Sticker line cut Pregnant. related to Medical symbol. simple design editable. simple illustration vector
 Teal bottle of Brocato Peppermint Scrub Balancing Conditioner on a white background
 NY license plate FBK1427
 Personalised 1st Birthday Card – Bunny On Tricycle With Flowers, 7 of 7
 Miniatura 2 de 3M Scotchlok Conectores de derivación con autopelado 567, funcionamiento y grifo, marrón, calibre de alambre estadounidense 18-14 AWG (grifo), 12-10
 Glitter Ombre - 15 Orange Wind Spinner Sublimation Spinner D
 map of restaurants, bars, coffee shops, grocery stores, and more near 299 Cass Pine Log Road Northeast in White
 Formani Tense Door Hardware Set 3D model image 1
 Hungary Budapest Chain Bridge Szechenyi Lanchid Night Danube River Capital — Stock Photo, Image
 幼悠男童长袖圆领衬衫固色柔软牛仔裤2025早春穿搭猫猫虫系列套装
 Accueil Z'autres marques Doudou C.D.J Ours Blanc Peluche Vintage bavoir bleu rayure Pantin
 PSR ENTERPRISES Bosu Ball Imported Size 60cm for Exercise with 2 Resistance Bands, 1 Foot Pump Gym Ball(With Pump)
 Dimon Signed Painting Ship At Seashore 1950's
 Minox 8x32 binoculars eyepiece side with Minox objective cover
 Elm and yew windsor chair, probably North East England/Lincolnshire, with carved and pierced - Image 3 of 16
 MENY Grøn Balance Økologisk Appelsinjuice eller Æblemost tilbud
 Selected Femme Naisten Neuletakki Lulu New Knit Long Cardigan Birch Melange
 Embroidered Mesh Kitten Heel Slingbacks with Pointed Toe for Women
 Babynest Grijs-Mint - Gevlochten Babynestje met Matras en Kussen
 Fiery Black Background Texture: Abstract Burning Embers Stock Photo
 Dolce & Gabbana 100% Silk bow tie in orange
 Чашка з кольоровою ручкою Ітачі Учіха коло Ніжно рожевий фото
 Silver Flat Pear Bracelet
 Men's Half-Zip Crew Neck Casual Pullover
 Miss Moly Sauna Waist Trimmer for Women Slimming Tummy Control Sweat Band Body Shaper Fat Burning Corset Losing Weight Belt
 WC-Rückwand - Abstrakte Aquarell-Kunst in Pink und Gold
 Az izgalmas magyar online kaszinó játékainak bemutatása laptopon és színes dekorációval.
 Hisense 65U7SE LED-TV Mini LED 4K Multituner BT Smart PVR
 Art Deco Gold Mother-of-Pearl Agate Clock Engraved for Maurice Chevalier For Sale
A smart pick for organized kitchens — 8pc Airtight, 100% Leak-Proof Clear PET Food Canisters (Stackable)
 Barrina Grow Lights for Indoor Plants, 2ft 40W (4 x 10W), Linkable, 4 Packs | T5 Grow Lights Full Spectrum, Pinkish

________________________________________

- **Problem description**
Reproduce the entries exactly, starting at their first line and stopping after the line with "Formani Tense Door".

- **Expected answer**
Sticker line cut Pregnant. related to Medical symbol. simple design editable. simple illustration vector
 Teal bottle of Brocato Peppermint Scrub Balancing Conditioner on a white background
 NY license plate FBK1427
 Personalised 1st Birthday Card – Bunny On Tricycle With Flowers, 7 of 7
 Miniatura 2 de 3M Scotchlok Conectores de derivación con autopelado 567, funcionamiento y grifo, marrón, calibre de alambre estadounidense 18-14 AWG (grifo), 12-10
 Glitter Ombre - 15 Orange Wind Spinner Sublimation Spinner D
 map of restaurants, bars, coffee shops, grocery stores, and more near 299 Cass Pine Log Road Northeast in White
 Formani Tense Door Hardware Set 3D model image 1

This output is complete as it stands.